JEFFREY TOBIN: Mentors show the way
Which of these two statements fits you the best?
1. “Yeah, I’ve been around for a while. I know what’s going on in my work and my life. I feel pretty confident about myself and my abilities.”
2. “I’m still kinda new at all of this. I have lots to learn and hope I can find my way.”
If you fall in the first category, you didn’t get there by yourself. You gained your own experience, and other, more experienced people helped you along your path.
For those of you who fall into the second category, have hope. Soon you will have accumulated enough experience and knowledge that you, too, will feel much more confident and valued.

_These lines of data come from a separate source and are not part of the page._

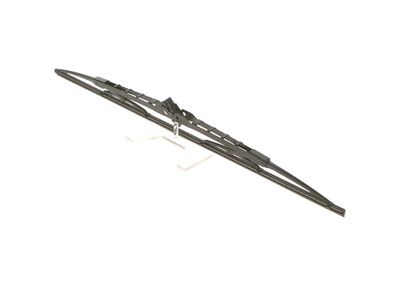 LAMELA STERGATOR BOSCH 3397004671 19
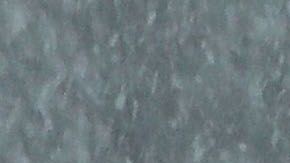 Esta temporada se pronostica más acumulación de nieve.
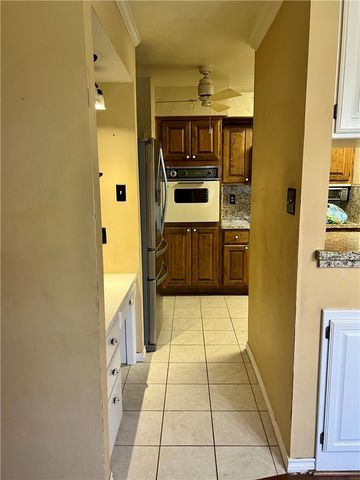 2901 Burning Tree Court, Bryan, TX 77802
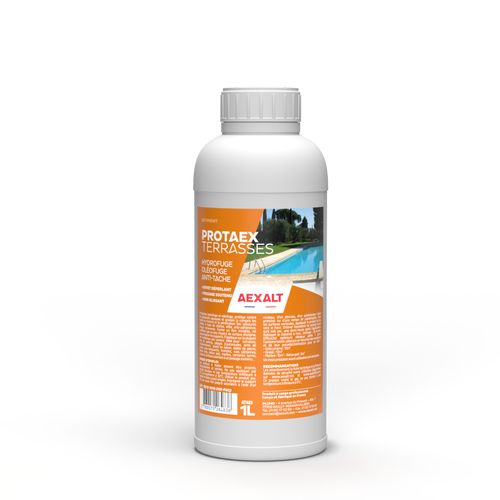 PROTAEX TERRASSES - Image 2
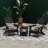 Arrlo 2 - Person Patio Conversation Set-88498361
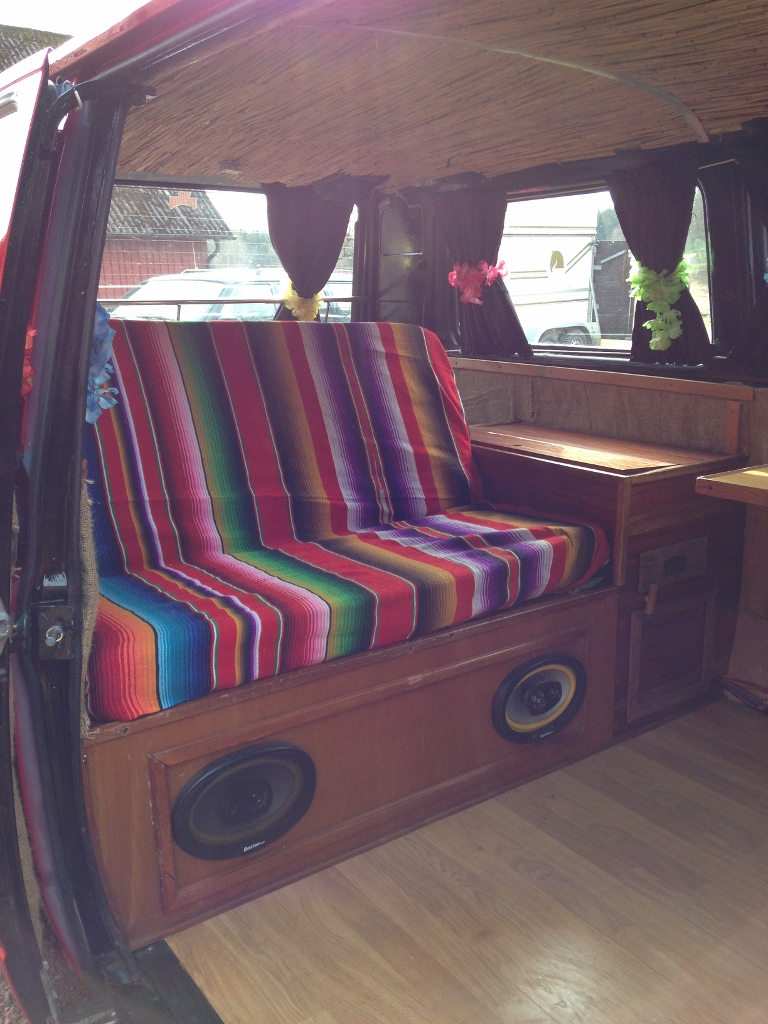 IMG_4176 (768x1024).jpg, 404.26 kb, 768 x 1024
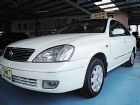 台中市03日產M1 一手車 NISSAN 日產 / SENTRA M1中古車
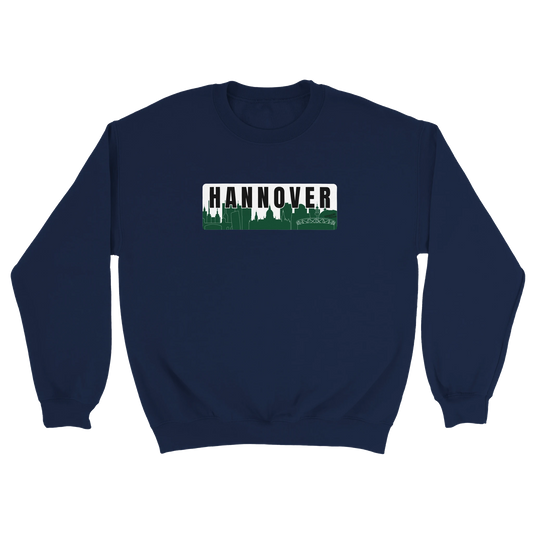 4e24d97c-3875-4d30-8f22-934b24a6d8ed
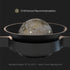 files/Paragon-Chill-Extract-Rocks-2-Pack_600x600_429a9a3c-0f64-45a2-b0ec-3a5fbfbc0aa2.webp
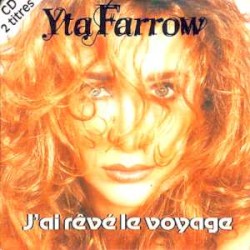 J'ai rêvé le voyage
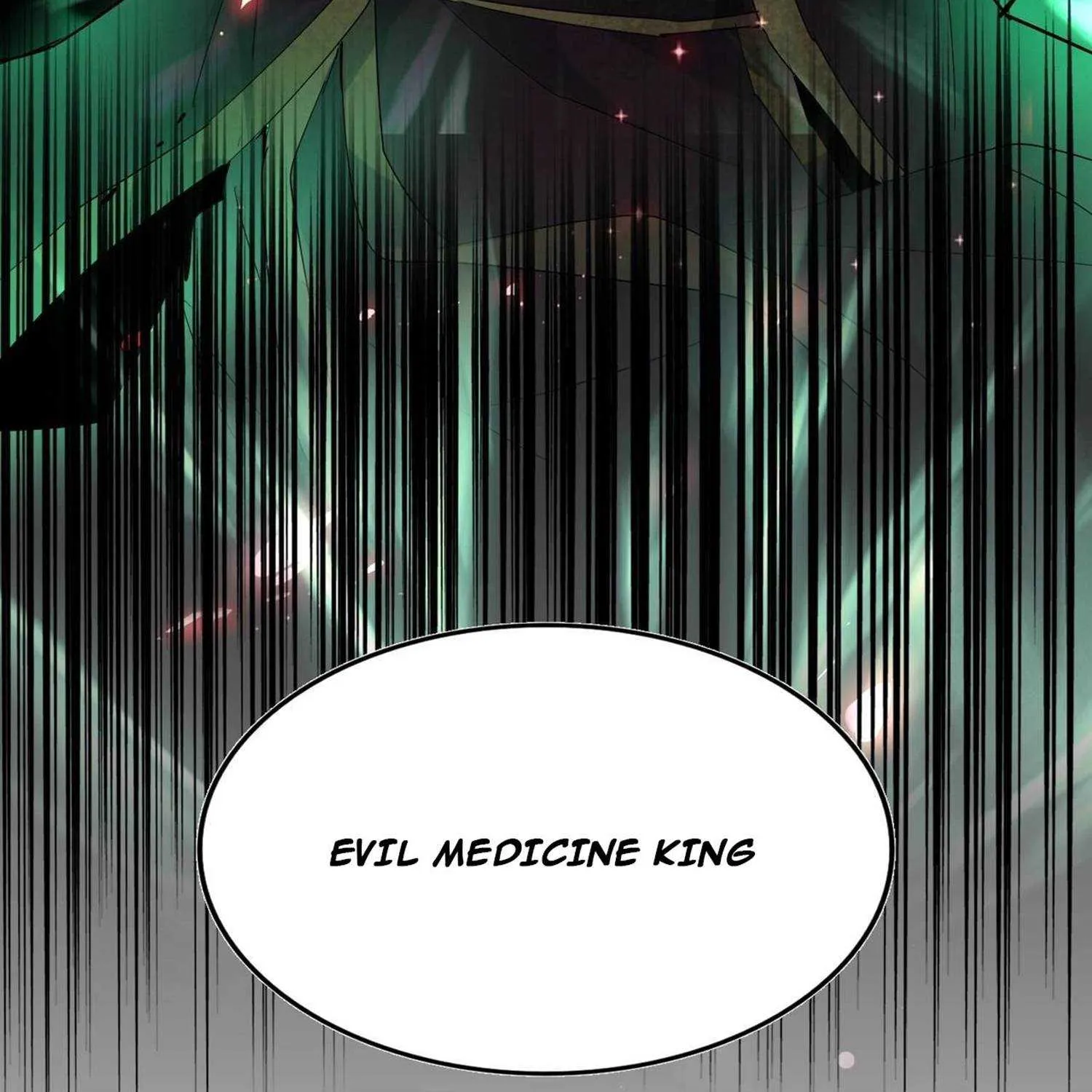 Magic Emperor Chapter 192 page 101 - 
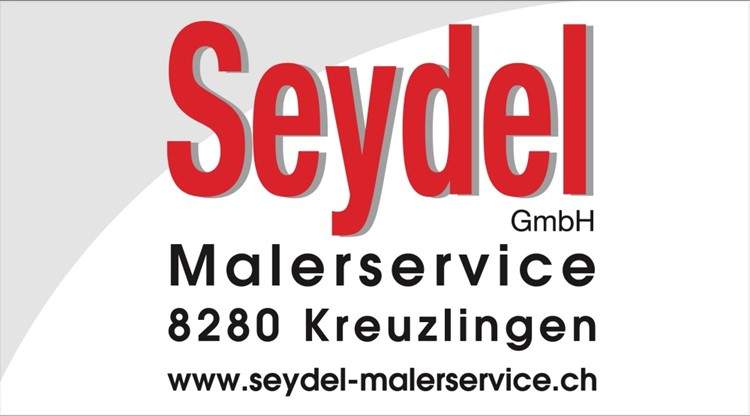 www.seydel-malerservice.ch
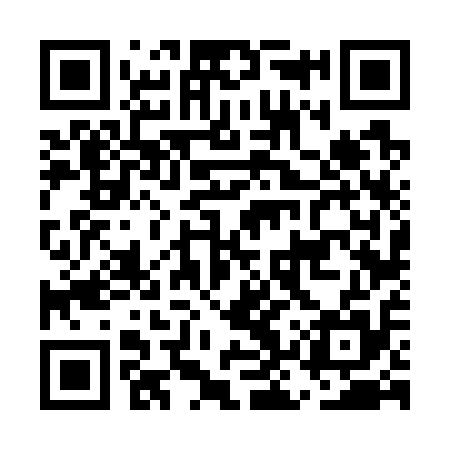 QR code for EKV715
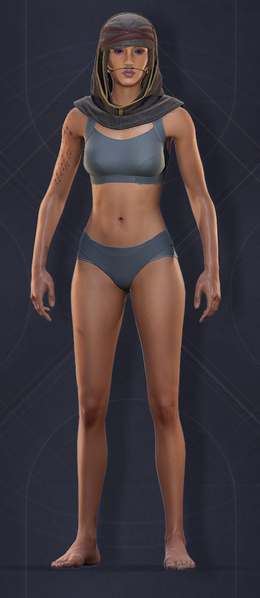 File:Maraqeb Stillsuit Mask 1.png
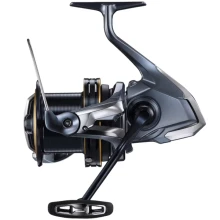 SHIMANO - Navijak Reel Power Aero XSC 14000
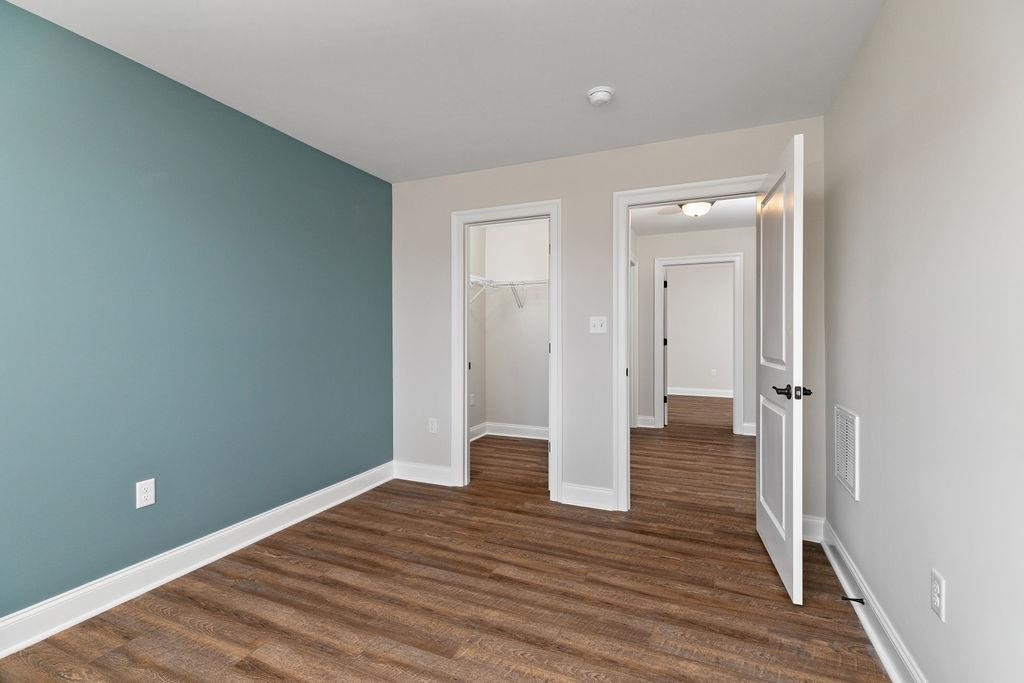 TBA LINDBURGH DR, WAYNESBORO, Virginia 22980, 3 Bedrooms Bedrooms, ,2 BathroomsBathrooms,Residential,TBA LINDBURGH DR,675930 MLS # 675930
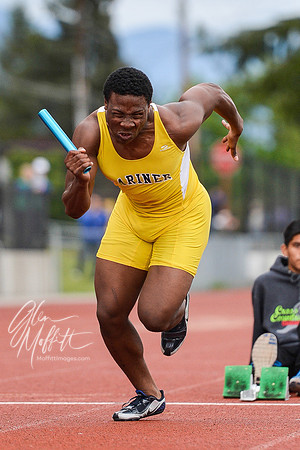20130517-05-17-13 Wesco Kingo Bi-Dist Track GDM-100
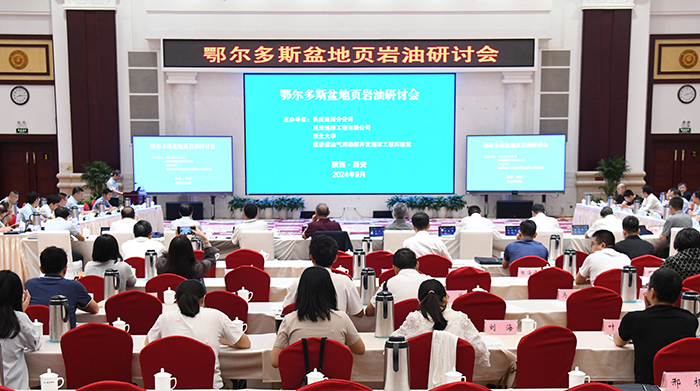 281732758189177272.jpg 001.jpg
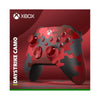 Xbox Series X / S Controller + 1 Week Warranty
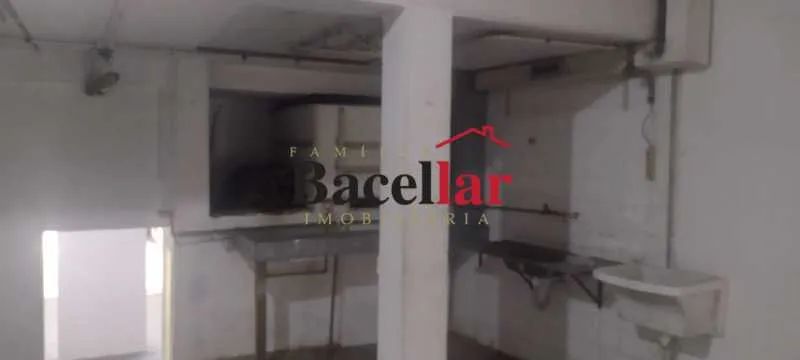Loja : / Comercial / Pilares - Foto 11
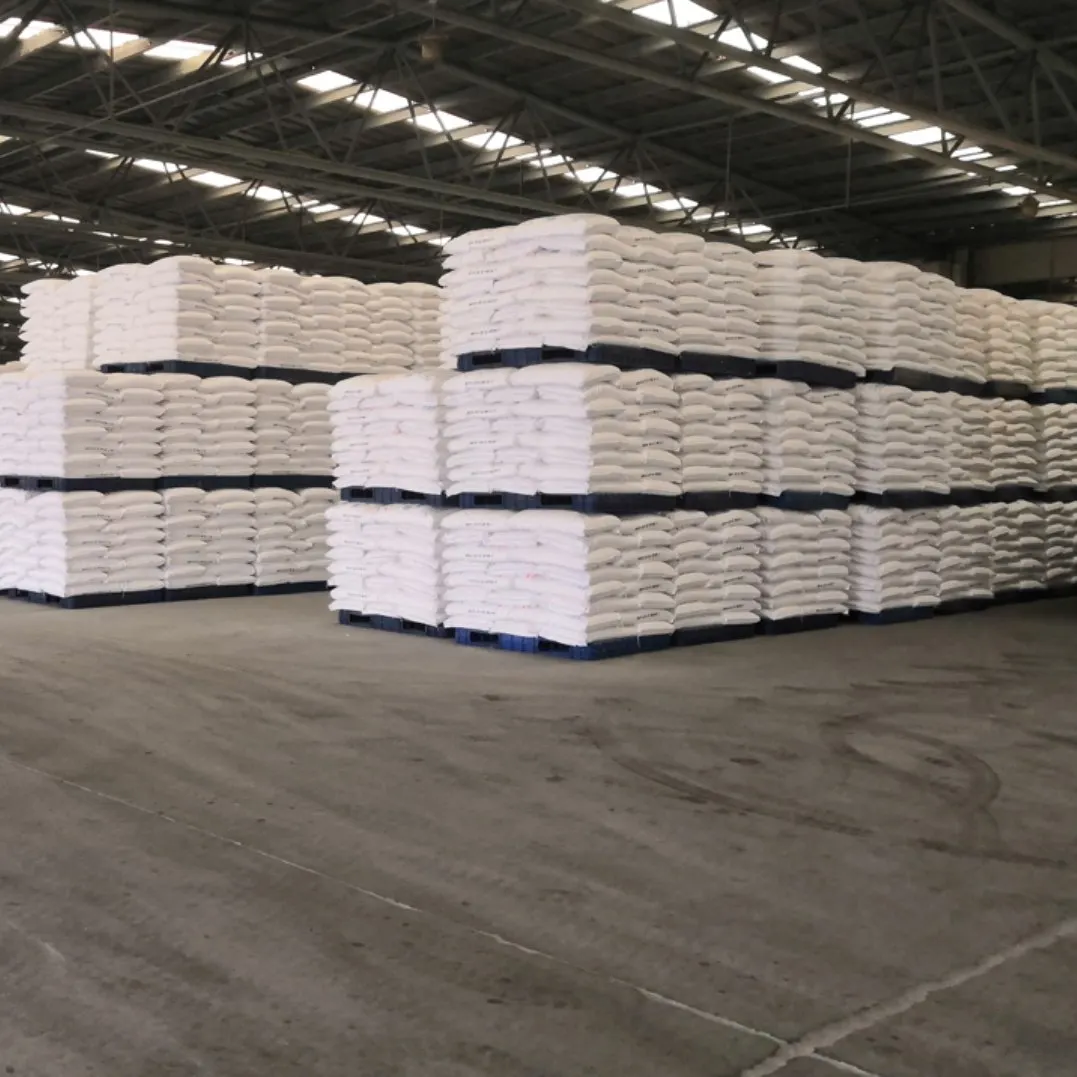 (Hot Offer) Sulphate Sodium Iron Free Aluminum Sulfate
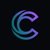 Corravo Logo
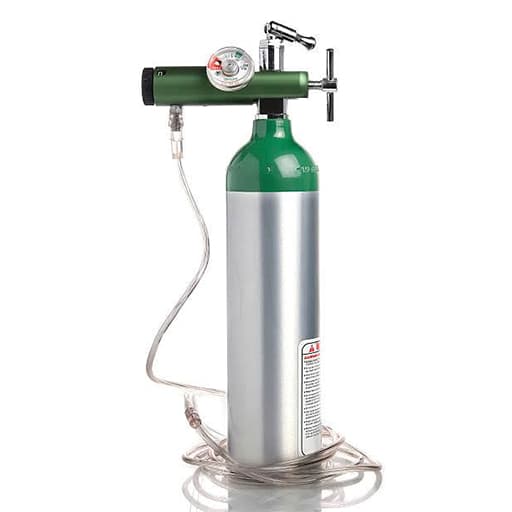 O2 Energy BAR De Oxigeno Santa María Colotepec photo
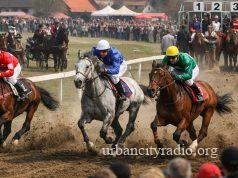 Tradicionalne trke za Todorovu subotu u Kasidolu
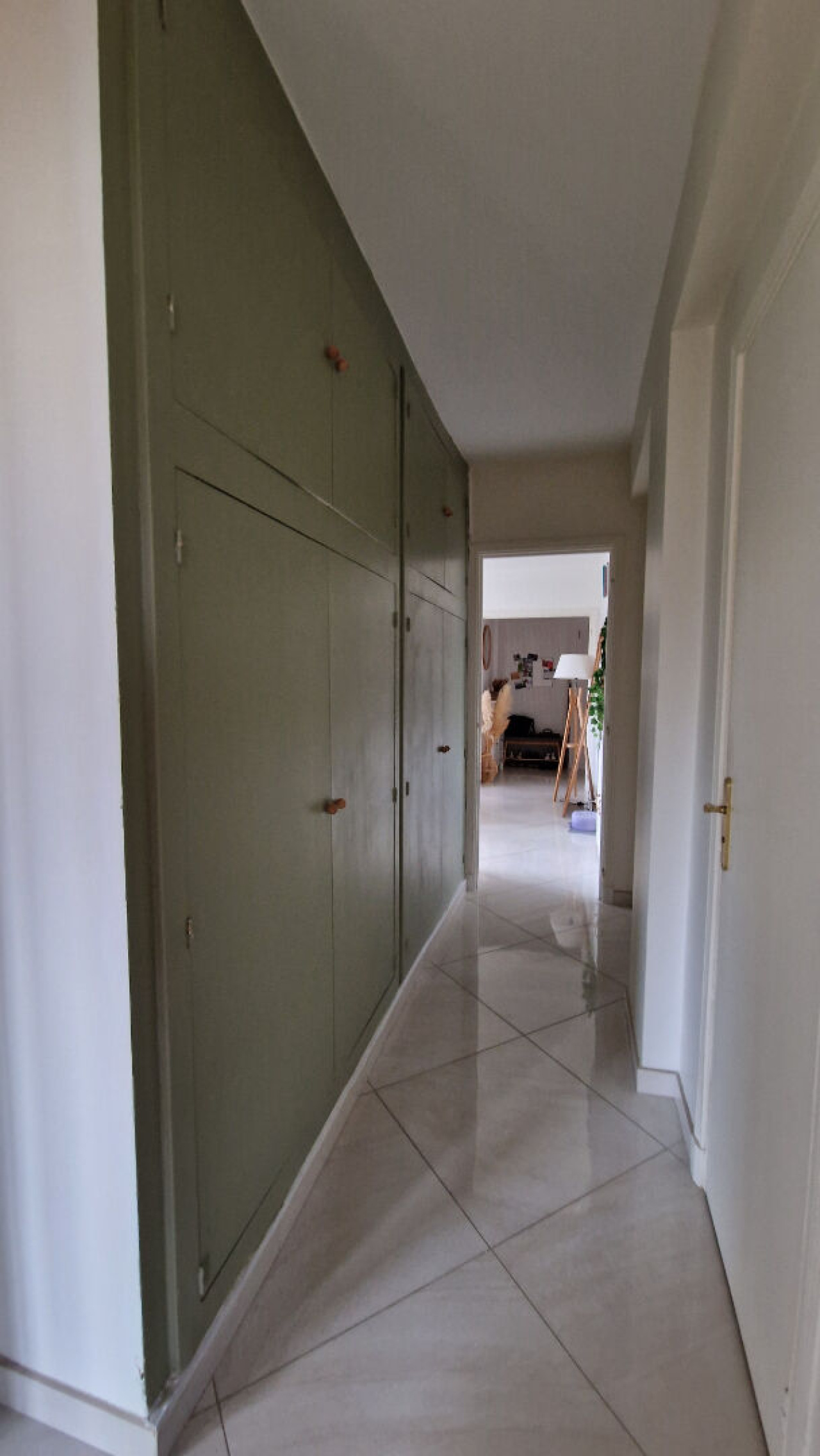 Image_7, Appartement, Le Plessis-Bouchard, ref :2476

None of us gains experience on our own. I look back over my life and can easily name the moments that profoundly changed me. They are the milestones, benchmarks and major changes, of course. More importantly, they are people — people who had been there before me and who were both wise and kind enough to share their experiences with me. They are my inukshuks, a small, hastily made statue of a man.
Photographer Rolf Hicker defines inukshuks this way: “The inukshuk, which means ‘likeness of person’ was first used by the Inuit people to mark trails, indicate caches of food, locate nearby settlements as well as good places to hunt or fish.
“Most of the Canadian arctic is dominated yearround by permafrost and only has a few natural landmarks which could be used for orientation. That’s why inukshuks are used as directional markers.”
I found inukshuks during a recent trip to Banff National Park near Calgary in Canada’s Alberta province. At Moraine Lake, someone had taken time to erect a number of these unique stone statues. I discovered that they were used as aids for others, as markers and as helpful tools for directions.
Someone had been there before, and had made a point to be helpful to those who followed behind.
A substantive part of my purpose on this planet is to be a mentor, an inukshuk for others. If you fall into category No. 1 above, you should, too. If you agreed with statement No. 2, find a mentor who has been there before — someone who will leave markers along your trail.
Do you want to make it on your own? Good luck. It’s much wiser to look actively for your own inukshuks. And when you’ve made enough progress, be one for the many other travelers behind you.